Homological Lie brackets on moduli spaces and pushforward operations in twisted K-theory

TL;DR

This paper develops a theory of pushforward operations in twisted K-theory for principal G-bundles, constructs specific operations in the case G=BU(1), and applies these to define a graded Lie algebra structure relevant to enumerative geometry.

Contribution

It introduces new pushforward operations in twisted K-theory, proves their classification, and applies them to construct a graded Lie algebra structure on homology.

Findings

Constructed the projective Euler and rank pushforward operations.

Classified all stable pushforward operations in this setting.

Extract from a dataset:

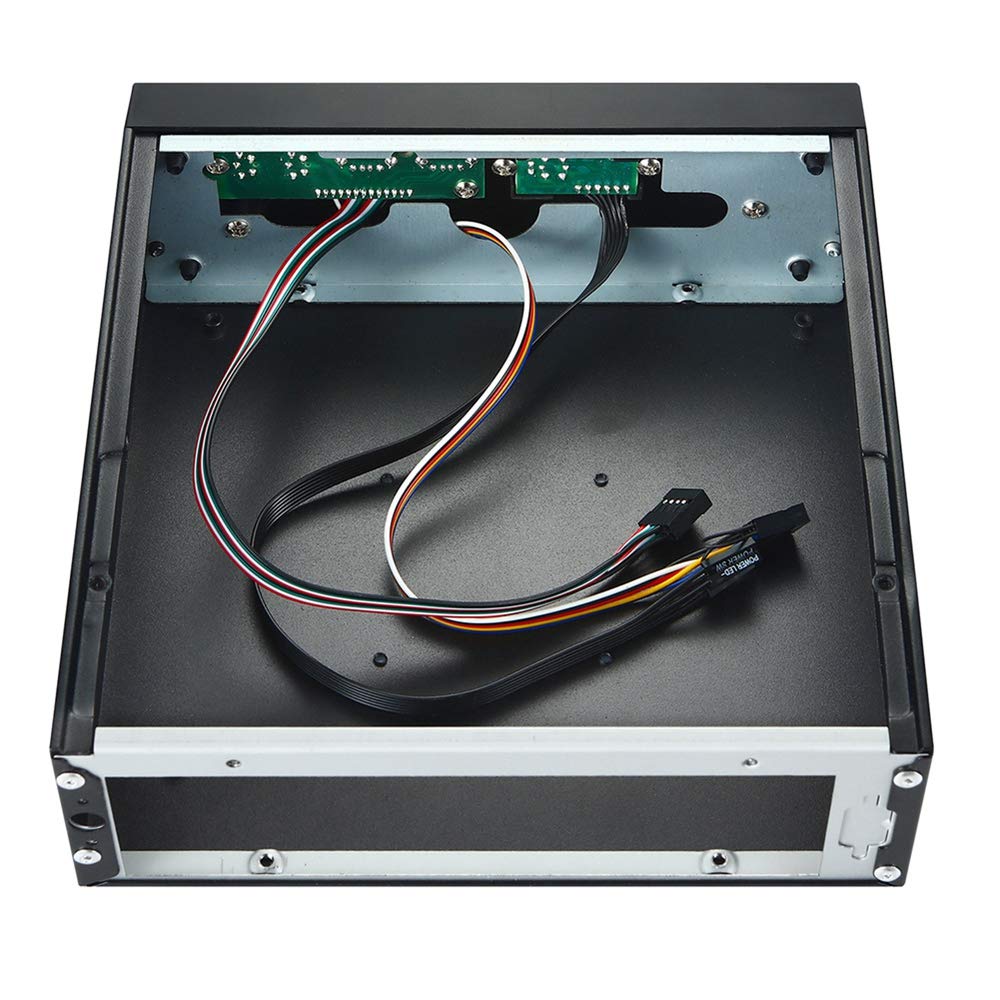 LAUGHERER ITX Computer Case M06 - Mini Desktop PC Case for HTPC, Industrial Control & Small Form Factor Builds - Perfect for Home Theater, Office & Compact Gaming Setups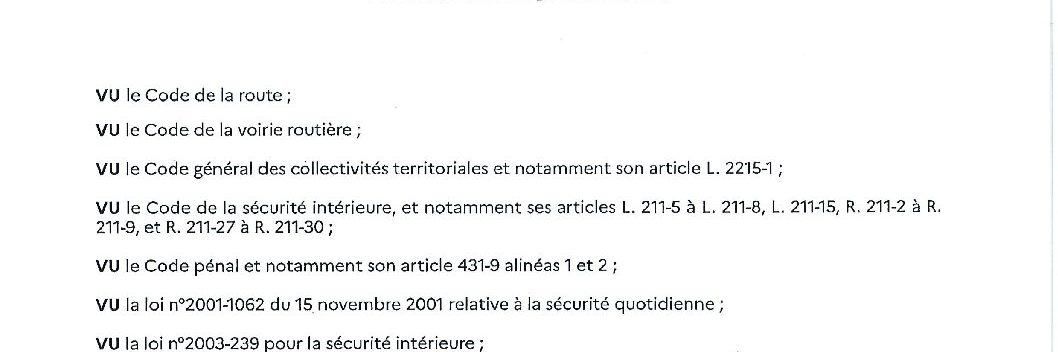Arrêté Préfectoral du 17 au 22 mai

Established a graded Lie algebra structure on homology of certain H-spaces.

Abstract

We develop a general theory of pushforward operations for principal $G$-bundles equipped with a certain type of orientation. In the case $G=BU(1)$ and orientations in twisted K-theory we construct two pushforward operations, the projective Euler operation, whose existence was conjectured by Joyce, and the projective rank operation. We classify all stable pushforward operations in this context and show that they are all generated by the projective Euler and rank operation. As an application, we construct a graded Lie algebra structure on the homology of a commutative H-space with a compatible $BU(1)$-action and orientation. These play an important role in the context of wall-crossing formulas in enumerative geometry.